El pobre príncipe paso días sin poder dormir, todo porque recibía constantes cartas de Mycroft pidiendo que se presentara para que pudieran casarse, cartas que ni una sola contestaba, ni por accidente. Entonces Gregory le aconsejó, o más bien, le ordenó que se alejara. Sherlock sabía que era por su propio bien, aunque no evitó pensar que Lestrade tendría sus motivos egoístas para hacer lo que hacía. Fue entonces cuando decidió marchar.
No sólo le fastidiaba, la situación le superaba, no le podías decir «no» al rey, ni aunque fuese tu propio hermano.
Huyó al reino más cercano que encontró, donde el rey Herny Watson mandaba y su hijo, el príncipe John Watson, era su heredero a pesar de ser el segundo hijo.
En aquel lugar Sherlock no tenía un título ni el respeto de todos, pero el príncipe consiguió un trabajo como cocinero, gracias a Greg. Al momento de trabajar, usaba como atuendo el horrible traje de piel de asno que había traído consigo, además de otras ropas elegantes, su libro y su mejor amigo, una calavera. Sí, todos conocían al príncipe Holmes con sus gustos excéntricos y sus rarezas, y había muchos a quienes por aquello Sherlock no les agradaba en absoluto.
Se realizaban varias fiestas en el castillo, a las que el asistía no para cocinar, sino como simple invitado. Por lo general se sentaba a leer en una esquina, apartado de todos los demás, su enorme libro con los secretos de la antigua religión que su hermano le había dado. Nadie notó su presencia en la habitación, nadie, salvo cierto apuesto príncipe, con el cabello de un dorado muy hermoso como la arena en una playa, unos ojos azules como el mar y una divertida altura.
Se sentó a su lado y Sherlock simplemente lo ignoró como haría con cualquier otra persona normal, ignorando por completo el hecho de que era el hijo de un rey quien estaba a su lado.

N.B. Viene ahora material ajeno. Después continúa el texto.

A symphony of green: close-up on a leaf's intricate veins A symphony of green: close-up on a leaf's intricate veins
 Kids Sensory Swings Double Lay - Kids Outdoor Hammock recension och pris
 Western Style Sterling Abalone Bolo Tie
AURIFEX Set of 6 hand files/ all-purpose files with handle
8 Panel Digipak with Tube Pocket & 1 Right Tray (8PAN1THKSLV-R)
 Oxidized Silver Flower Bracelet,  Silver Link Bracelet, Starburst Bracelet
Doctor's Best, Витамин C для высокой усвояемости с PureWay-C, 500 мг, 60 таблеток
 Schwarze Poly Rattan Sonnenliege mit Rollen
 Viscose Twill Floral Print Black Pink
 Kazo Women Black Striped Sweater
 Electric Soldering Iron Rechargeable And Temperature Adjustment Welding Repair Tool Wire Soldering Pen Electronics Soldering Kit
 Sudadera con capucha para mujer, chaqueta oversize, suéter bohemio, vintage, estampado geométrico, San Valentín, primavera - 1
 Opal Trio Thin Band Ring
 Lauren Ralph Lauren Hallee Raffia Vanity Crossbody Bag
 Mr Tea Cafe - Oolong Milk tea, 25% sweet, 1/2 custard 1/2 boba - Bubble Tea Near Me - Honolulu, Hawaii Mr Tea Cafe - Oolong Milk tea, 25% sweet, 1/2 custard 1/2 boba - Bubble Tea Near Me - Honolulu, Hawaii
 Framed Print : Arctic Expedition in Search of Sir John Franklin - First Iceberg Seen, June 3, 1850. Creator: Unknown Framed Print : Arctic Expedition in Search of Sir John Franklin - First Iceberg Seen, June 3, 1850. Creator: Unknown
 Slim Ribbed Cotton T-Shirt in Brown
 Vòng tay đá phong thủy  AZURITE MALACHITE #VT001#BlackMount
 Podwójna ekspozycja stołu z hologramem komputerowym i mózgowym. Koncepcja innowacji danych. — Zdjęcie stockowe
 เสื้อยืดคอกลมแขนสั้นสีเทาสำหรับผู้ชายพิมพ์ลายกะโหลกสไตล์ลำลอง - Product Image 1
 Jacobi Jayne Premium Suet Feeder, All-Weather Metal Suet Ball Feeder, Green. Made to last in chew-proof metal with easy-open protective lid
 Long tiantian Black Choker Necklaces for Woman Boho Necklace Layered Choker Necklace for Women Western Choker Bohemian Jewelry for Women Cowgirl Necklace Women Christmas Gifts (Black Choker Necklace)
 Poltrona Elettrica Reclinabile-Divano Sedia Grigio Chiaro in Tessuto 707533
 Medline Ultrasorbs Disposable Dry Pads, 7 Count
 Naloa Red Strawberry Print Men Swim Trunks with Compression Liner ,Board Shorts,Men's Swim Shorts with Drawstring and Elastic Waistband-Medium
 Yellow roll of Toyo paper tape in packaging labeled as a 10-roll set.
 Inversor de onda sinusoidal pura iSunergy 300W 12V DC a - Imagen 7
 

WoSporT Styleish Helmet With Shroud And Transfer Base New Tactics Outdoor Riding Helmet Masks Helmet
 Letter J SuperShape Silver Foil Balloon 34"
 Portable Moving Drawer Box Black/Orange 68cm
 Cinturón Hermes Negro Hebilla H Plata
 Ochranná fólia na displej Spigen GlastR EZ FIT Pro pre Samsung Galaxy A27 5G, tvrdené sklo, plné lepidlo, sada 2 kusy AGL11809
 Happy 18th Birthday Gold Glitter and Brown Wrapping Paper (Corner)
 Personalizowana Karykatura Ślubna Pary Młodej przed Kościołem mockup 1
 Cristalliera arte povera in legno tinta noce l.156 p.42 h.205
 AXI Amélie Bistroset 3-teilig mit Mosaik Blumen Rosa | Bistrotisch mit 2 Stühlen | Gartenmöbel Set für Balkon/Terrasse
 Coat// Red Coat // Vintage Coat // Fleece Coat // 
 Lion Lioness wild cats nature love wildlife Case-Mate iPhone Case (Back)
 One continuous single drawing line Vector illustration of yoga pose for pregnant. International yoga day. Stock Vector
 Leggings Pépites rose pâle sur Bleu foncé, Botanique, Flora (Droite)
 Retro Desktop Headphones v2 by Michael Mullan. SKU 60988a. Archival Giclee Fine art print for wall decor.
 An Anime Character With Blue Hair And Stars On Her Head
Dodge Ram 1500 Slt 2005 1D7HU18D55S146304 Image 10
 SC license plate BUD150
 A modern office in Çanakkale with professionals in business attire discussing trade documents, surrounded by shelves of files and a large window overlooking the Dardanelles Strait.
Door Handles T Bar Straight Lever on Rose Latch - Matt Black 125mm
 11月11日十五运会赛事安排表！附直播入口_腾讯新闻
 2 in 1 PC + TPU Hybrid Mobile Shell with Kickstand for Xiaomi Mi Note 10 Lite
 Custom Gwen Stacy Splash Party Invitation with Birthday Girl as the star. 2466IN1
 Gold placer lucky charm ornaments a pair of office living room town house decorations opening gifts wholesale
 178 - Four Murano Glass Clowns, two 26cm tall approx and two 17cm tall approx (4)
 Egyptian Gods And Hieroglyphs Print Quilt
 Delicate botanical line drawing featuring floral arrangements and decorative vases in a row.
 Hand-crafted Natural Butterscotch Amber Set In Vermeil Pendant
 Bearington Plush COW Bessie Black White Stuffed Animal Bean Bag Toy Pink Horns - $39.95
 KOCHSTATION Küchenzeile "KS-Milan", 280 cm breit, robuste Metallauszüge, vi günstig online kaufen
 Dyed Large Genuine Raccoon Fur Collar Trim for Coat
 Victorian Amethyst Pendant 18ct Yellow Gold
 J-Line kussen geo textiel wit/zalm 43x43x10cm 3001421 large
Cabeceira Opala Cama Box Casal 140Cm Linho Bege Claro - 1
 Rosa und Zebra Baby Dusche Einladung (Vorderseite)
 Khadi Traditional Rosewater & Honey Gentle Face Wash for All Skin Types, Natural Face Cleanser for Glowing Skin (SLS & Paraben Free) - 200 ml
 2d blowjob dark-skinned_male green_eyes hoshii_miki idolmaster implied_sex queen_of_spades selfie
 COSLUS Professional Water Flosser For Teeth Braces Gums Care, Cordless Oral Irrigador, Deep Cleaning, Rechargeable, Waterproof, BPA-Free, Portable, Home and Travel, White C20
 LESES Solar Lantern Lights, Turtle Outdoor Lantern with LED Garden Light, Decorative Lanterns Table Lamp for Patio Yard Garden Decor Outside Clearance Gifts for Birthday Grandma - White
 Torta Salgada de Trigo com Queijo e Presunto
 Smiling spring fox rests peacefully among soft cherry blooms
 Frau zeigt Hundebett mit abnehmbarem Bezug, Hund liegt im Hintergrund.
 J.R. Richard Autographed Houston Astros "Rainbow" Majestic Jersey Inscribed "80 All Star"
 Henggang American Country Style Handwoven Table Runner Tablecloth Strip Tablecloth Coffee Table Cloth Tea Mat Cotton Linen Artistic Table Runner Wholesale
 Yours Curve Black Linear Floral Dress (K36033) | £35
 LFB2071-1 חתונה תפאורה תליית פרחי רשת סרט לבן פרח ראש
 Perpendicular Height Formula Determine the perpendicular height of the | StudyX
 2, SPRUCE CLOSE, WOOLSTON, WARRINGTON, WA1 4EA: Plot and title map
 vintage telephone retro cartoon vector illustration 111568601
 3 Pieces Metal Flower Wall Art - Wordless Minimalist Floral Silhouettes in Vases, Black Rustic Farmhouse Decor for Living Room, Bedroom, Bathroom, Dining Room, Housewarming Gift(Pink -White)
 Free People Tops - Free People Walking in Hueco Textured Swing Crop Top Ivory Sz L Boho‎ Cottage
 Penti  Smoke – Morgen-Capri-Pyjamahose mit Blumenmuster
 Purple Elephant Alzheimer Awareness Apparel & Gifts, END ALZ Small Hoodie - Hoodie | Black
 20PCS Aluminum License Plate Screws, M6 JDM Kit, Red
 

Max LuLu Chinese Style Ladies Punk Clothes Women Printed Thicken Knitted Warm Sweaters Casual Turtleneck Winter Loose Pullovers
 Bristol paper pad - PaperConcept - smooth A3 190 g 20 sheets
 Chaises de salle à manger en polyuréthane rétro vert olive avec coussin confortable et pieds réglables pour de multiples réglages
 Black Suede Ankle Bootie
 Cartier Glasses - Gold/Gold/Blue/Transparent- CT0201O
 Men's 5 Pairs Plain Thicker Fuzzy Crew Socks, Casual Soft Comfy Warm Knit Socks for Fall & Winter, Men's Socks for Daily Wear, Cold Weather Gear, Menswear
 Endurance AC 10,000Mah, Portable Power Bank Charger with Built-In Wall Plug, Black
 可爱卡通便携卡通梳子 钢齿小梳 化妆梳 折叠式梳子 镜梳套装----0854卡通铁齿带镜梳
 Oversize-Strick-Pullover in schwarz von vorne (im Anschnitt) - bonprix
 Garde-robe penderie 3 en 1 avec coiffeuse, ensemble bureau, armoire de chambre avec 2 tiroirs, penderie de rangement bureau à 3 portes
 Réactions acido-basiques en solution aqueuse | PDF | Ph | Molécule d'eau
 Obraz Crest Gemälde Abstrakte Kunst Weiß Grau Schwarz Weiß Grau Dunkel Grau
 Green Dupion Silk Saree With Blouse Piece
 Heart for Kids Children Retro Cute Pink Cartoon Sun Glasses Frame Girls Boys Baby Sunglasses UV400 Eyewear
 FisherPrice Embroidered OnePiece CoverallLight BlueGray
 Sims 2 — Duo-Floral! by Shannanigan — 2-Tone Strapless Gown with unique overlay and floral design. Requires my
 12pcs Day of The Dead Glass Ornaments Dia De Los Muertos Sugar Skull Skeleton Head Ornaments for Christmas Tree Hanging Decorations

John, como toda chusma curiosa (aunque nada orgulloso de ello) decidió echar un vistazo a su libro sólo mirándolo de reojo la portada y consiguiendo leer la mitad de unas páginas, Sherlock leía muy rápido en realidad.
— Esto es ridículo. — dijo con seriedad. Aunque no parecía hablarle a él, John no desaprovechó su oportunidad.
— ¿Qué es ridículo?
— Esto, — señaló la página que leía. — éste libro. Nadie puede saber a través de la magia lo que piensa una persona ni saber cómo es, porque simplemente ¡eso no es magia!, es el arte de la deducción.
— ¿El arte de la deducción?
Sherlock lo miro exasperado, y quejándose con la mirada, como si tuviera que explicarle algo obvio.
— Es obvio que eres el príncipe de este reino, el hijo menor y aún así vas al trono, podría asegurar que se debe a que tu hermano mayor es desobediente y una deshonra, mientras que tú tratas de amoldarte a lo que tus padres quieran y así ser el «hijo perfecto», seguramente porque sientes que tienes una obligación para con el pueblo que pronto estará bajo tu responsabilidad — hizo una pausa, y continuó hablando. — Mientras que tu hermano siempre va a hacer quien sabe qué cosas, tú estás atendiendo las tareas de las que tu hermano debería encargarse. A veces te agobia pero ya es muy tarde para echarse atrás, eres su orgullo y te mataría romperle el corazón a tu madre. Esa persona de ahí — Sherlock señaló a una dama rubia, a lo que John sólo pudo susurrar que era de mala educación —, es tu prometida. Lo que buscas es huir de ella, se nota que está atosigándote, por más que sientas cierta atracción.
— Pero... — John estaba demasiado confundido, y demoró unos minutos en procesar la información recibida. — ¿Cómo hiciste eso?
— Deducción. Simple y llana deducción. Por tus pequeñas y apenas visibles arrugas en el rostro que pude notar, averigüé que pasas mucho tiempo preocupado por realizar adecuadamente tus labores de heredero del reino, ya sabía que eres el menor, no sabes como hay chusma aquí. — esto le sacó una pequeña sonrisa a John. — Deduzco, entonces, que te ocupas de ello porque tu hermano rechazó el trono o tus padres lo decidieron así, por insubordinación y falta de disciplina. También es fácil notar que estas harto de estos eventos y de tus tareas, por como saludas a los invitados con una sonrisa demasiado forzada y falsa.
— ¿Soy muy obvio?
— Aquí la mayoría son idiotas, no lo notarán — contestó Sherlock encogiéndose de hombros. John dejó que continuase con su relato tan interesante —. Pude notar que esa señorita…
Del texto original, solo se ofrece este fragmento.